Task instructions: Below are records that hold pictures; write out only the lines from their start through the line with "Darius Vowed He", exactly, and drop the pictures.

[Image-caption web data]
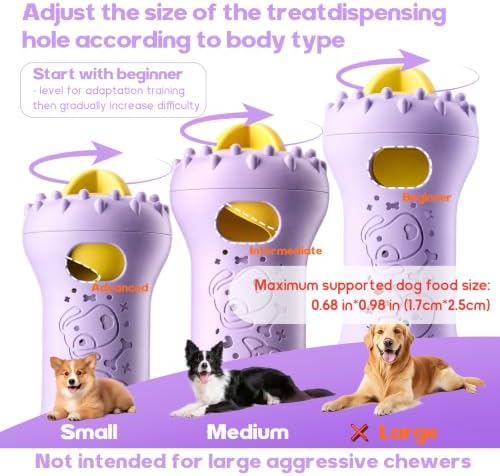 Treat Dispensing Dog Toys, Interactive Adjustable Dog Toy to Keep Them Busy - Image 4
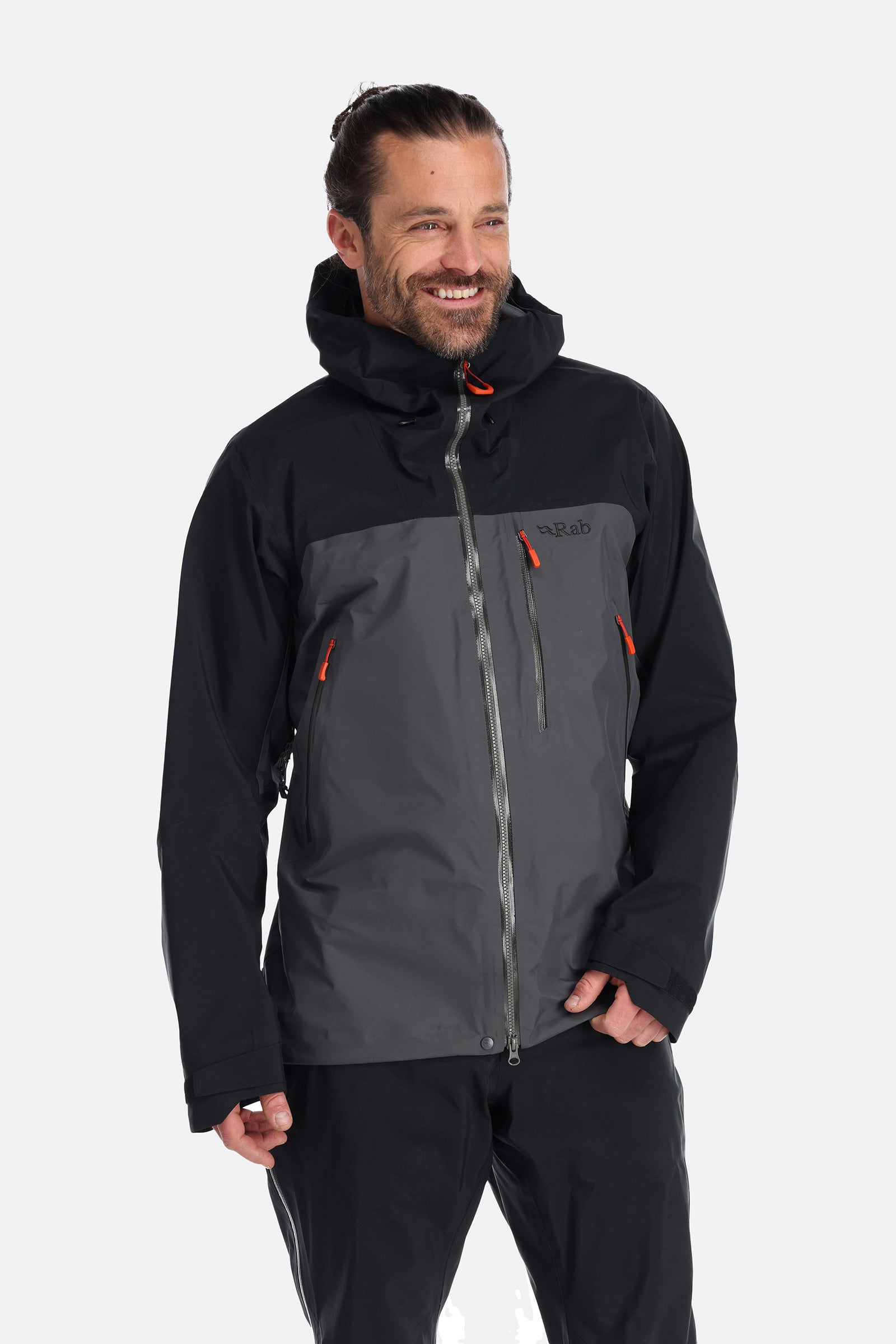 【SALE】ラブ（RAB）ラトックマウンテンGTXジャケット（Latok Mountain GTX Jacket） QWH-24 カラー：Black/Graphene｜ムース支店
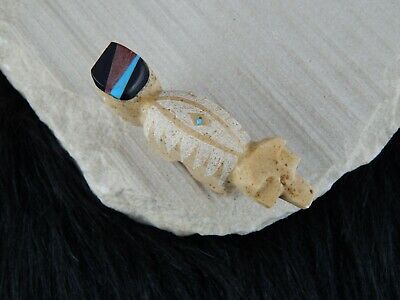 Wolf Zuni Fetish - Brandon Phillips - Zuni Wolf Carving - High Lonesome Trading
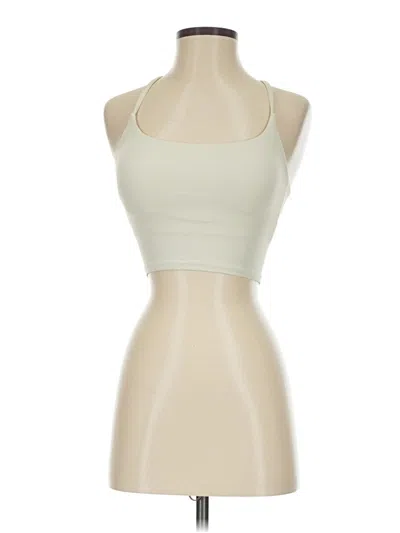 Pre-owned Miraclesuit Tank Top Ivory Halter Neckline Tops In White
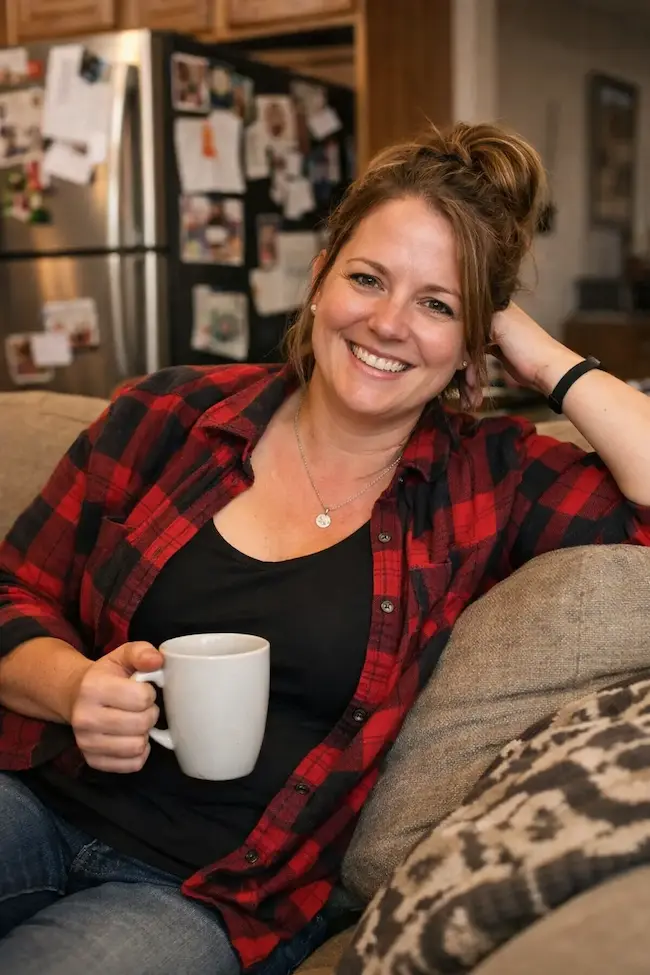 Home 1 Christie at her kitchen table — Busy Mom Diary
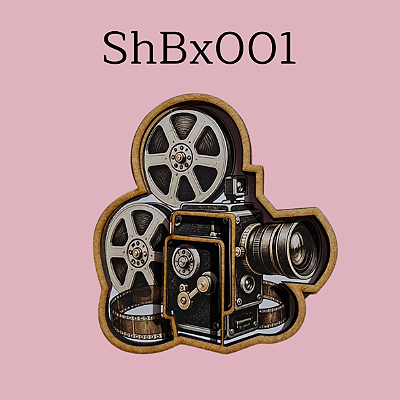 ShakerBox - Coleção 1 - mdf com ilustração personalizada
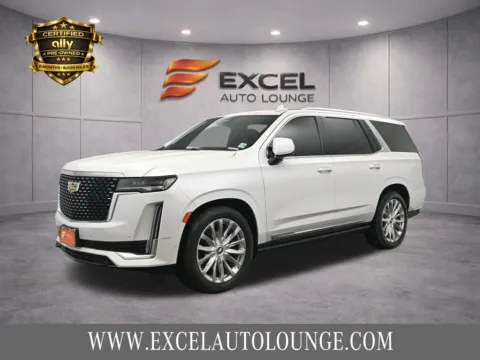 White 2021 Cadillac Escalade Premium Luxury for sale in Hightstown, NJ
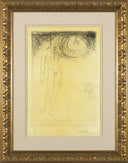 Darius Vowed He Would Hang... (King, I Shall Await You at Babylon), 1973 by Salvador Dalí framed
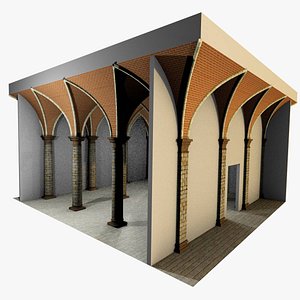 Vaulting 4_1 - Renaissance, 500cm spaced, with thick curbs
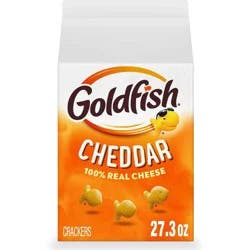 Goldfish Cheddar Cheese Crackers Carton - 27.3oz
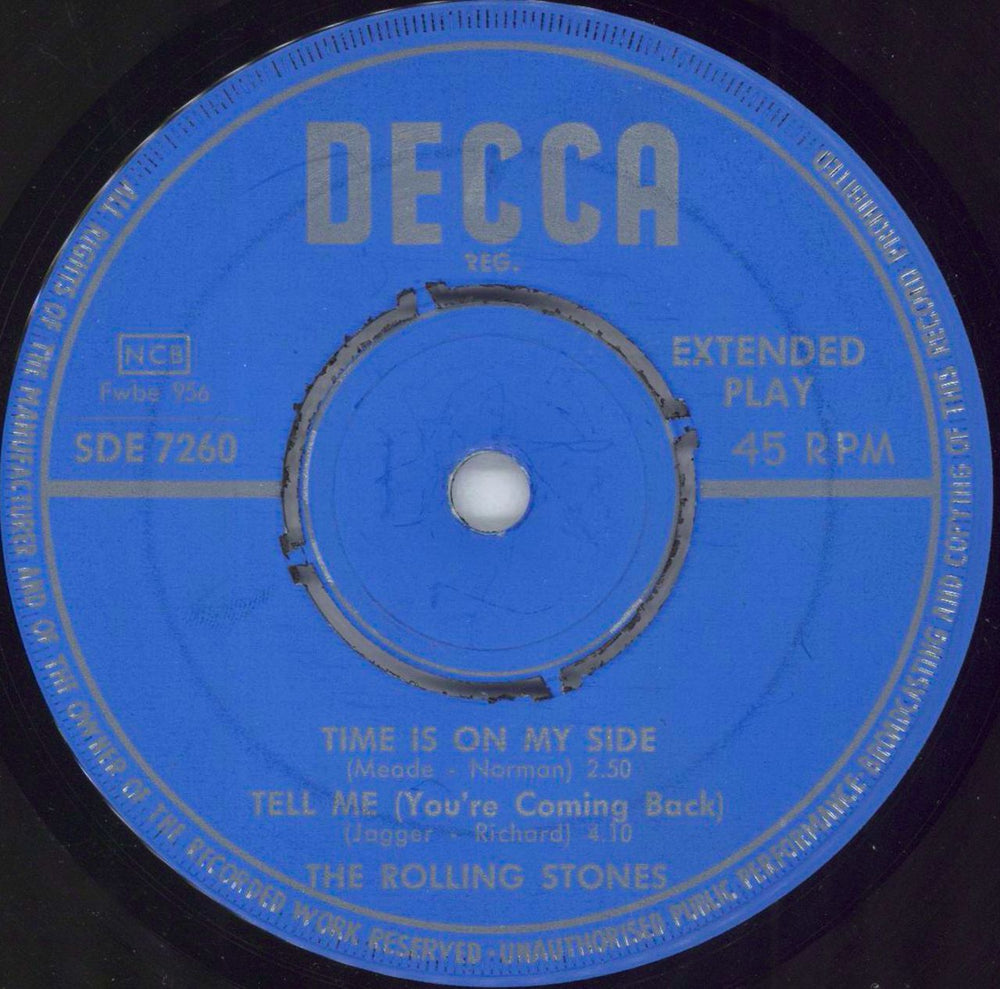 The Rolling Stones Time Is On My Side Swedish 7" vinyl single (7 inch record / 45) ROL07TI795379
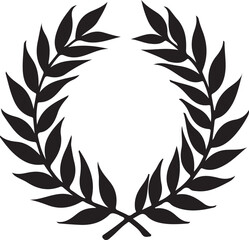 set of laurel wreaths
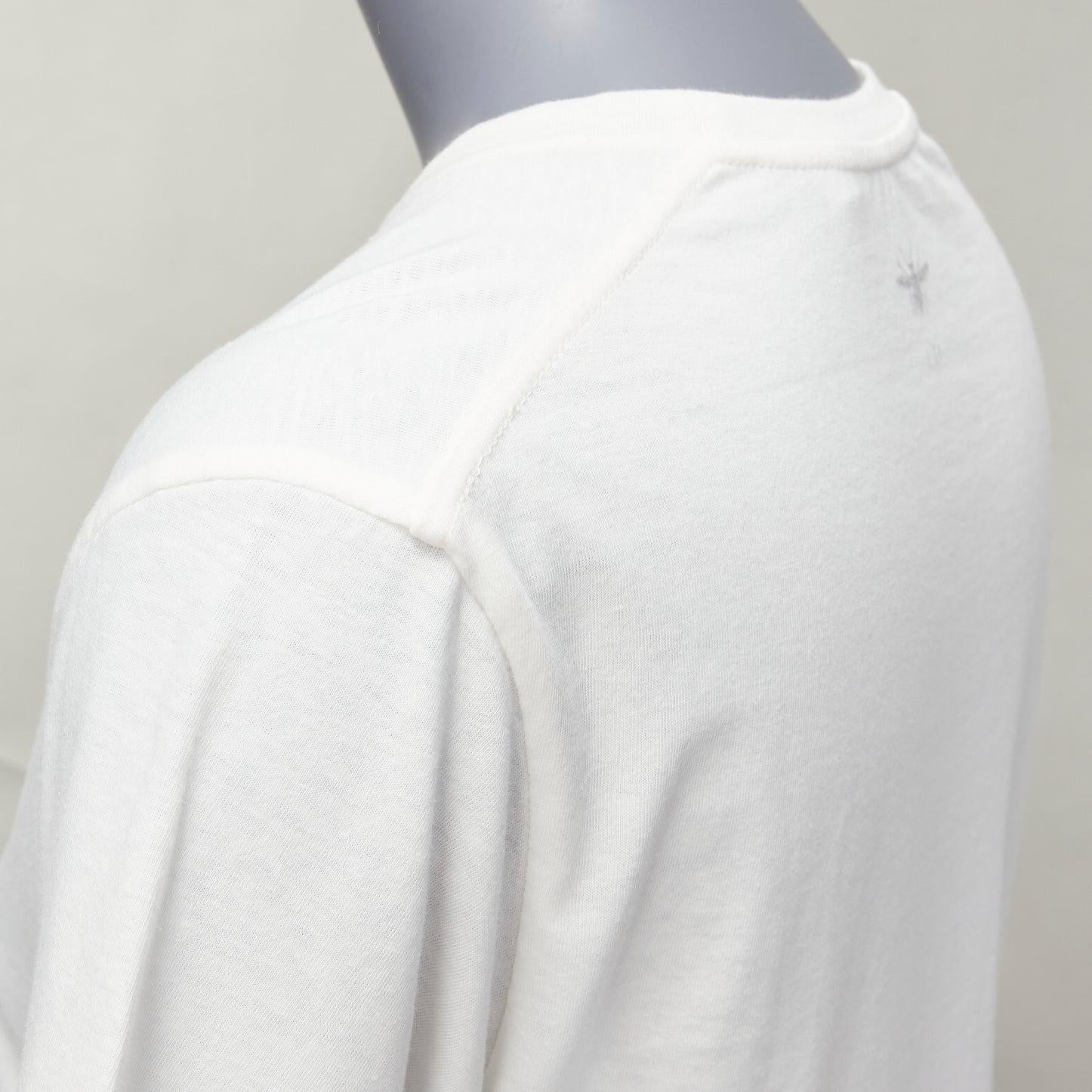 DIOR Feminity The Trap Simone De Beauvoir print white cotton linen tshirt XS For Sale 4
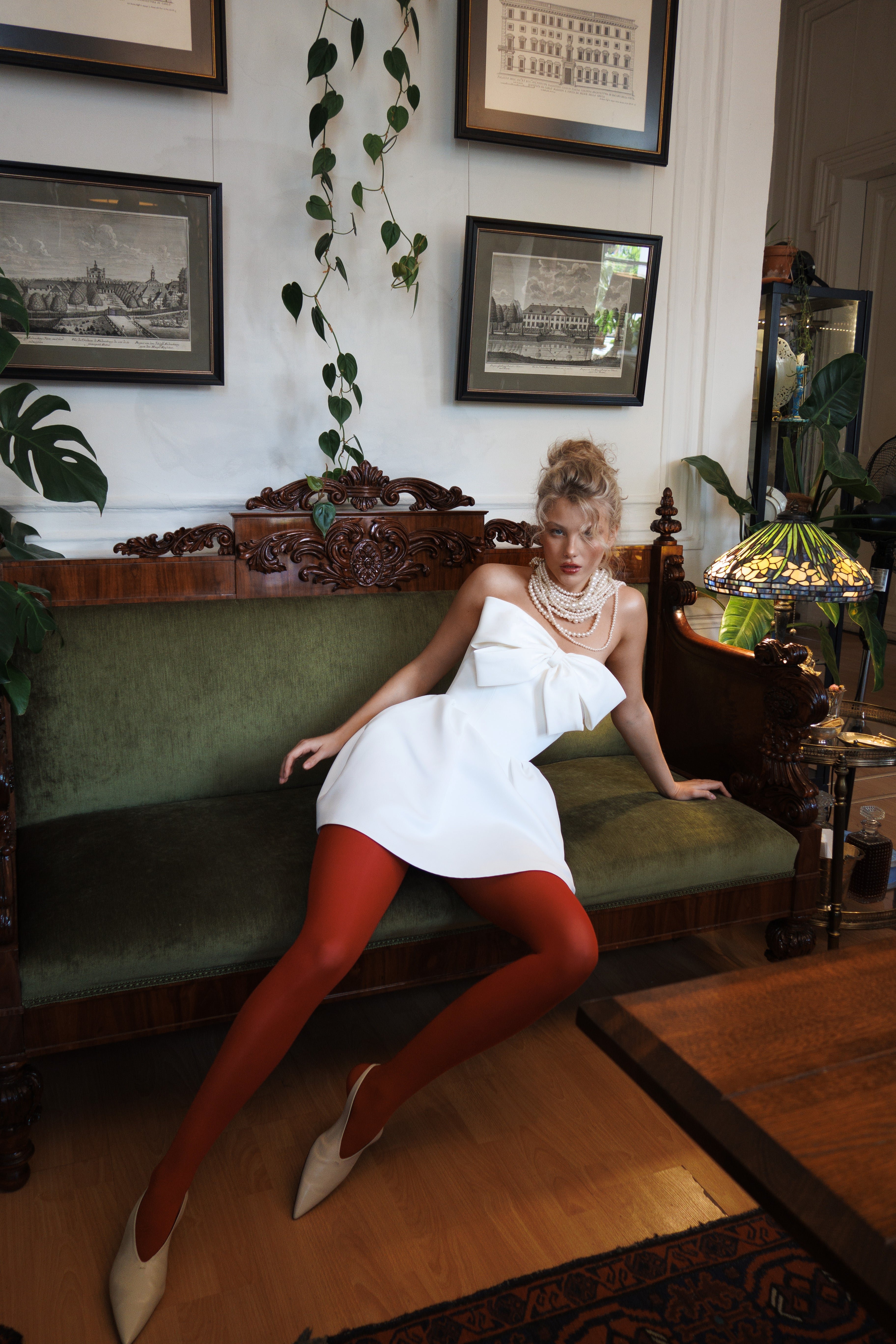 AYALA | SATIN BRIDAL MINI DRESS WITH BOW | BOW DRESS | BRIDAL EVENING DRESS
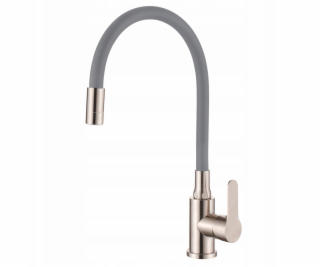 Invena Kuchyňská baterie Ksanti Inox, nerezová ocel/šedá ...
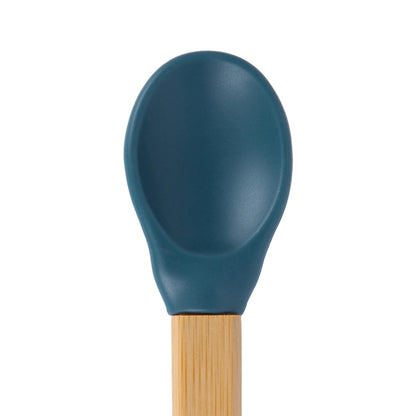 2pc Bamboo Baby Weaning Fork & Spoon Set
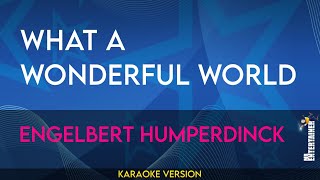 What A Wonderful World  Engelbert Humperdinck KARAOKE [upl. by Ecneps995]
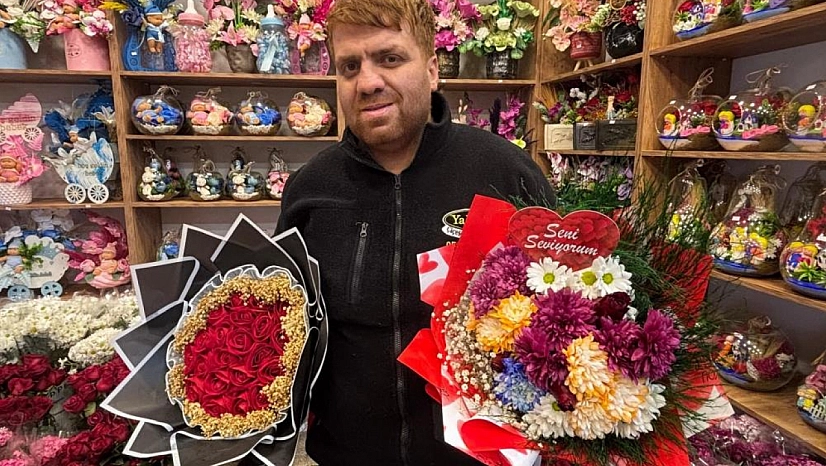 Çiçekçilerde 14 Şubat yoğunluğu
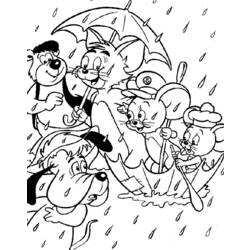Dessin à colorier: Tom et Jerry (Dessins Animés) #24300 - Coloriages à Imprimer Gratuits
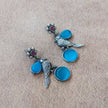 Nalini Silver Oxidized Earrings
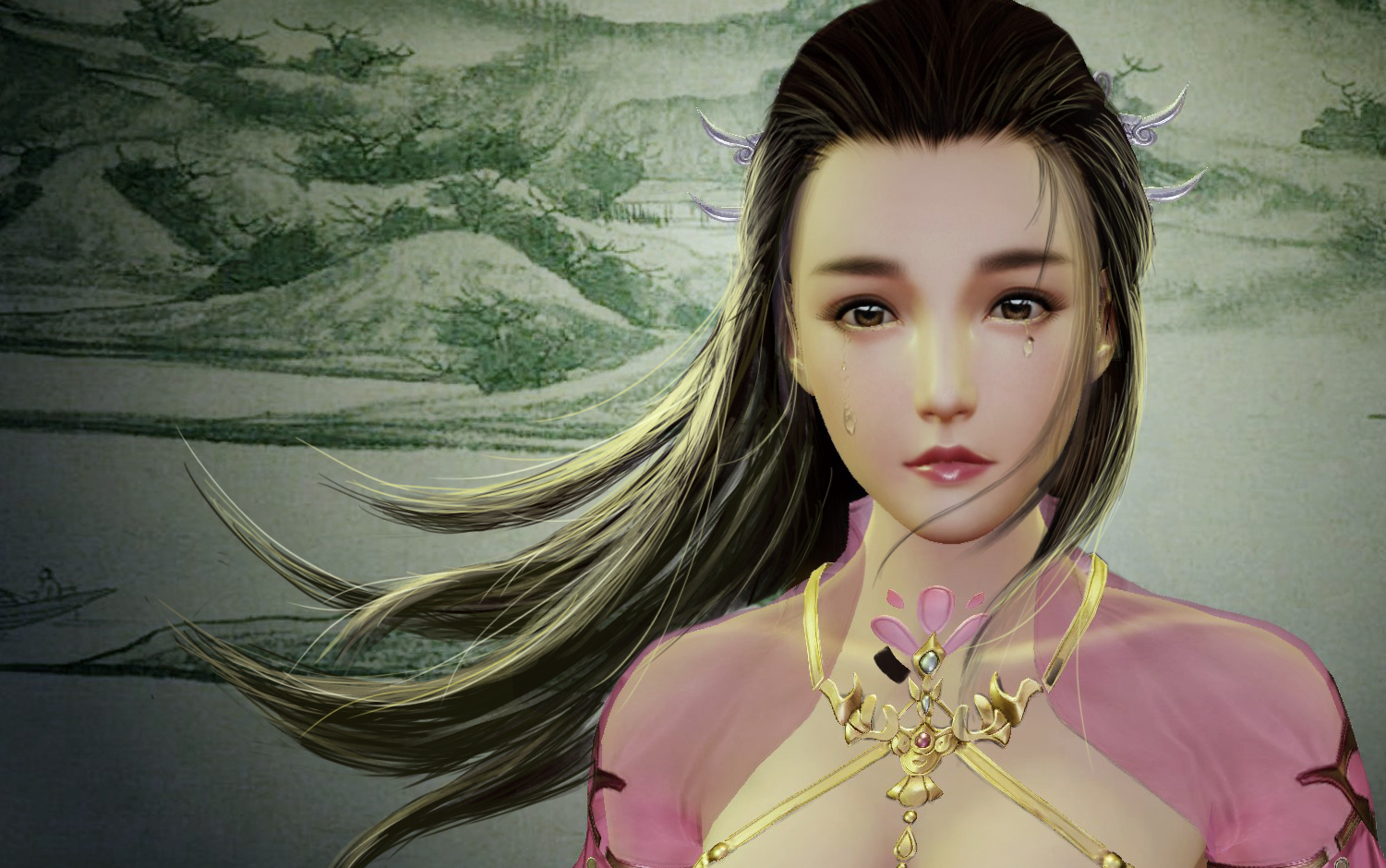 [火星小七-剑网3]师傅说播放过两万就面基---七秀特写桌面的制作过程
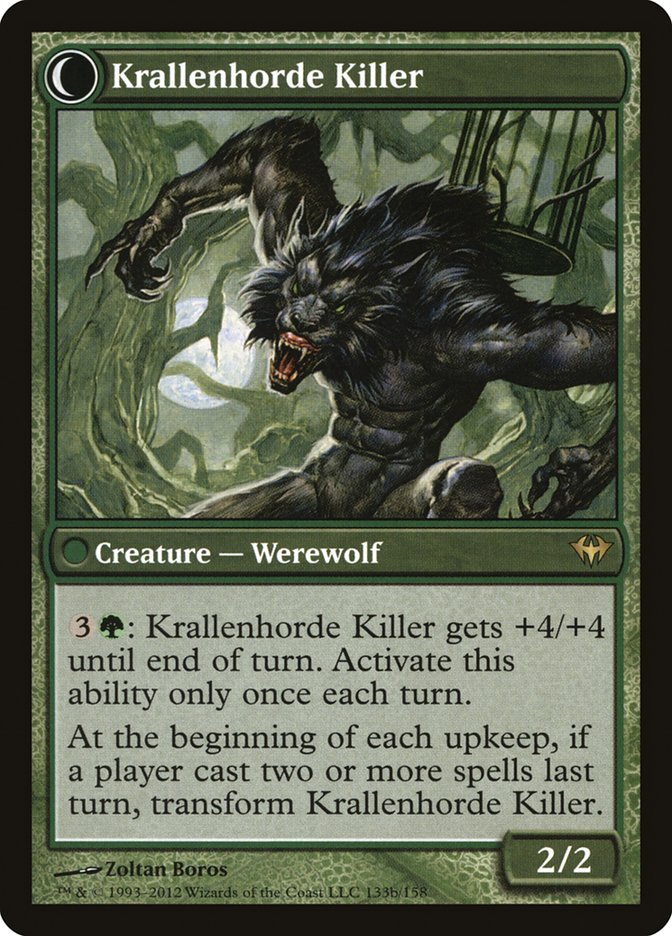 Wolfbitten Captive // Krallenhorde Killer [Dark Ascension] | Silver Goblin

Answer below:
 Treat Dispensing Dog Toys, Interactive Adjustable Dog Toy to Keep Them Busy - Image 4
 【SALE】ラブ（RAB）ラトックマウンテンGTXジャケット（Latok Mountain GTX Jacket） QWH-24 カラー：Black/Graphene｜ムース支店
 Wolf Zuni Fetish - Brandon Phillips - Zuni Wolf Carving - High Lonesome Trading
 Pre-owned Miraclesuit Tank Top Ivory Halter Neckline Tops In White
 Home 1 Christie at her kitchen table — Busy Mom Diary
 ShakerBox - Coleção 1 - mdf com ilustração personalizada
 White 2021 Cadillac Escalade Premium Luxury for sale in Hightstown, NJ
 Darius Vowed He Would Hang... (King, I Shall Await You at Babylon), 1973 by Salvador Dalí framed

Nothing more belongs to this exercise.